> Directions for this task
An exact restatement of the data below, with the pictures removed, is the required answer.

*** The data Section Begins ***

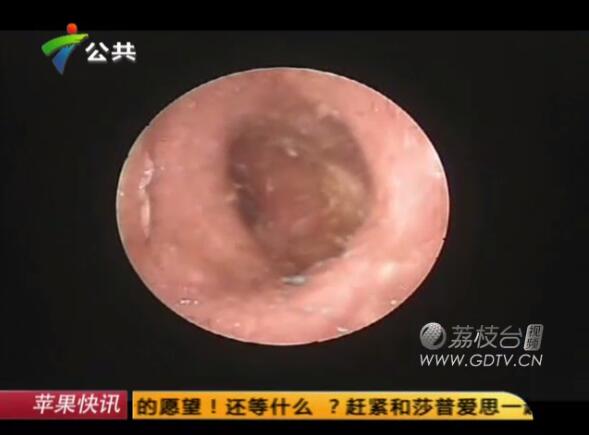 �@�������Ӷ���(n��i)�L(zh��ng)�M��ɫ���x��˺ҧ����ʹ��������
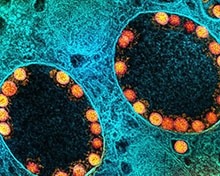 Coronavirus
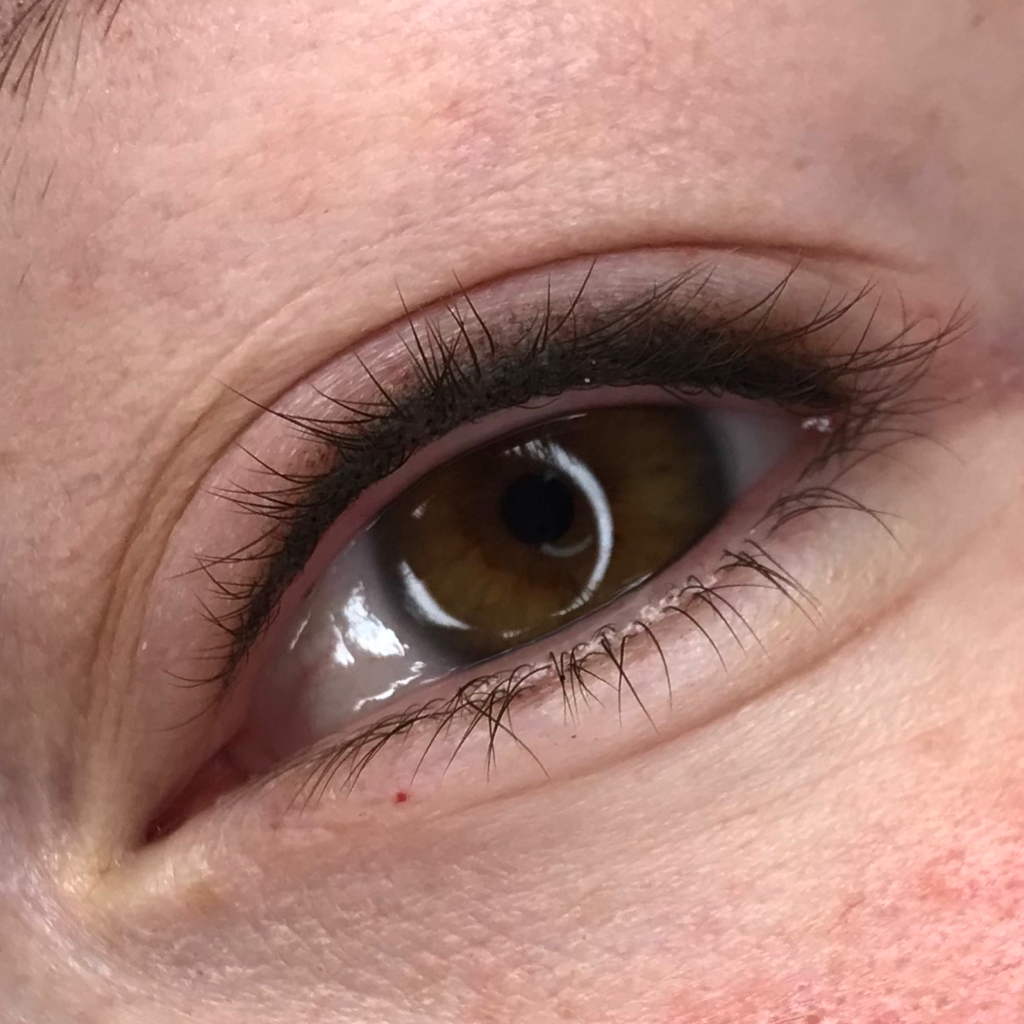 Межресничка (первичная)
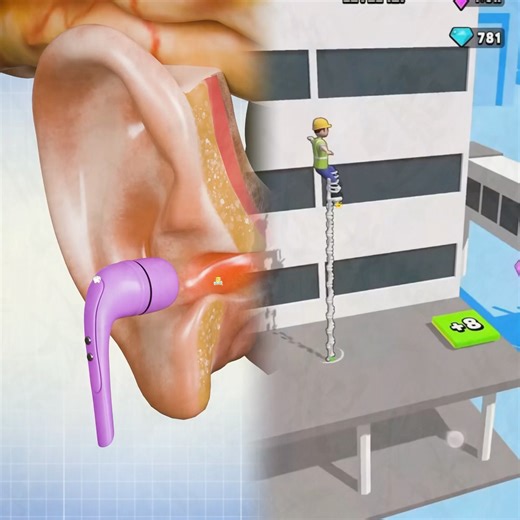 How Hearing Works 🤨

*** The data Section Ends ***

> Output for this task
 �@�������Ӷ���(n��i)�L(zh��ng)�M��ɫ���x��˺ҧ����ʹ��������
 Coronavirus
 Межресничка (первичная)
 How Hearing Works 🤨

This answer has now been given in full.